Some entries follow. Reproduce exactly the lines starting at the one with "Stunning Apartment Near" and stopping after the one with "Οπαδός της Τυνησίας".
╭─ Records provided
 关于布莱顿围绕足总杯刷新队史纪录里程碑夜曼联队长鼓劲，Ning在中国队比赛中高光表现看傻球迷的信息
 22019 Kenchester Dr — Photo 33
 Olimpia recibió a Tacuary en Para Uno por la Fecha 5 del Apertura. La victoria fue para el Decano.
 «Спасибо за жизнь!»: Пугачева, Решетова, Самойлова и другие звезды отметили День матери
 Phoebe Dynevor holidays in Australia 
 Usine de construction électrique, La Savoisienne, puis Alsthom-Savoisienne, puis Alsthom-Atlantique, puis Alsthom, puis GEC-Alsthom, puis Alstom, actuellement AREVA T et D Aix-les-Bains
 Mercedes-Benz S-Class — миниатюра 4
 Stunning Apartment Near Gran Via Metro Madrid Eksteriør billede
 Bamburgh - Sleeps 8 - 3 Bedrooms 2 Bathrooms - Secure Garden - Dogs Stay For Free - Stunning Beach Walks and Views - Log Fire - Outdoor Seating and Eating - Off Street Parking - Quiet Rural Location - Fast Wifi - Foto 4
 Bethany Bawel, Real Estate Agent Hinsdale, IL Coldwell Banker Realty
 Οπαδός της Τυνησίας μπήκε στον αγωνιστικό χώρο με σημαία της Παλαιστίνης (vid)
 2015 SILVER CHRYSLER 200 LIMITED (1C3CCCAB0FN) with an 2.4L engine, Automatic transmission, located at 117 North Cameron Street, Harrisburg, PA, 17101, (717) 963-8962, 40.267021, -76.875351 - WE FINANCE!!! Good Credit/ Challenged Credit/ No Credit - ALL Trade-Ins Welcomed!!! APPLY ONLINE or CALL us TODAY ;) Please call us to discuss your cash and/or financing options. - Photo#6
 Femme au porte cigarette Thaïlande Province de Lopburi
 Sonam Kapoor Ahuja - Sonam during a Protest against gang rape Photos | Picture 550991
╰─
**Exercise result**
 Stunning Apartment Near Gran Via Metro Madrid Eksteriør billede
 Bamburgh - Sleeps 8 - 3 Bedrooms 2 Bathrooms - Secure Garden - Dogs Stay For Free - Stunning Beach Walks and Views - Log Fire - Outdoor Seating and Eating - Off Street Parking - Quiet Rural Location - Fast Wifi - Foto 4
 Bethany Bawel, Real Estate Agent Hinsdale, IL Coldwell Banker Realty
 Οπαδός της Τυνησίας μπήκε στον αγωνιστικό χώρο με σημαία της Παλαιστίνης (vid)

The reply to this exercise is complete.